地上湿漉漉的,梅林空地上长出一层密密麻麻的草,不算荒芜,但草上满是雨水结成的水珠。坐在车里,隔窗而望。梅林的颜色比天空的要好,枝叶总能摆脱细密小雨的缠绕,油油地发着亮光,但车窗却对小雨毫无还手之力,一点一点沦陷,隔绝我与外面的世界。对车窗,我并无怨言,至少它帮我抵御了风雨。我总不能要求它自己擦拭那些天上掉下来的雨水吧。它已经够可怜了。

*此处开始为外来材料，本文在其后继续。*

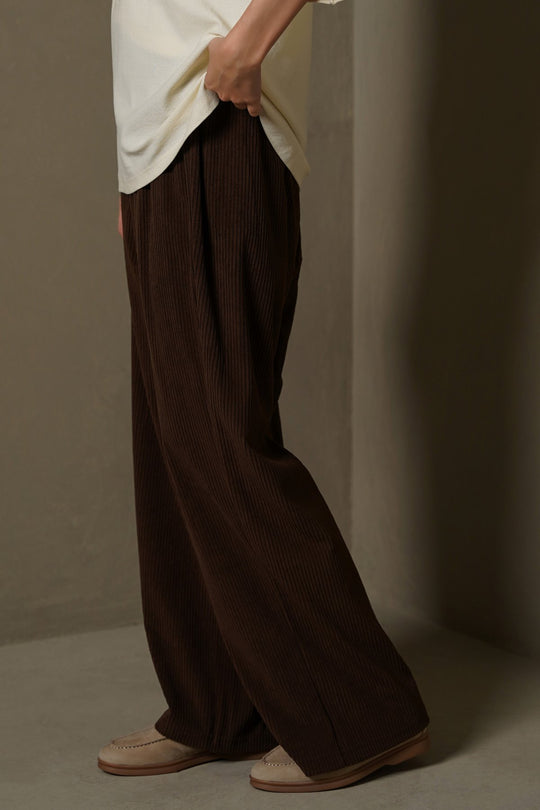 CHOCOLATE WALNUT CORDUROY TROUSERS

索性下了车,淋淋雨,吹吹风。细密的雨并不可怕,尽管我知道,它会淋湿我的头发,我似乎在风雨中渐渐清醒,这种清醒一层层揭开我的沉闷,好久没有出来走走了,仿佛时光消耗着我对美好事物感知的敏锐,连走个路都是小心翼翼的,生怕踩疼了柏油路上裸露的石子。
但我还是抬起脚,踩倒那些带着水珠的野草,走进曾开满鲜花的梅林。我渴望一抹猩红或者粉白,哪怕是一片残存的花瓣。什么都没有,雨水洗净了春花留在枝叶间的香,一丁点儿都不留。叶子倒是俊俏,单个看,倒像是一张张可人的瓜子脸。只不过,这些瓜子脸高傲地翘到了天上。她们也在淋雨?雨水漫过两腮,在下巴处结出椭圆的水珠。不用担心那些,脚下的土地会接住。每棵树的周围都有一些浅浅的小坑,那是土地为那些高傲俊俏的脸付出的代价。再没有比土地更能承载苦难的了,这就是规则,细密的雨从天而降,土地上的万物必须接着。哪怕是冰雹,最后,也要重重地砸在土地上。我庆幸,我淋的只是雨,梅林里的林木淋的也是雨。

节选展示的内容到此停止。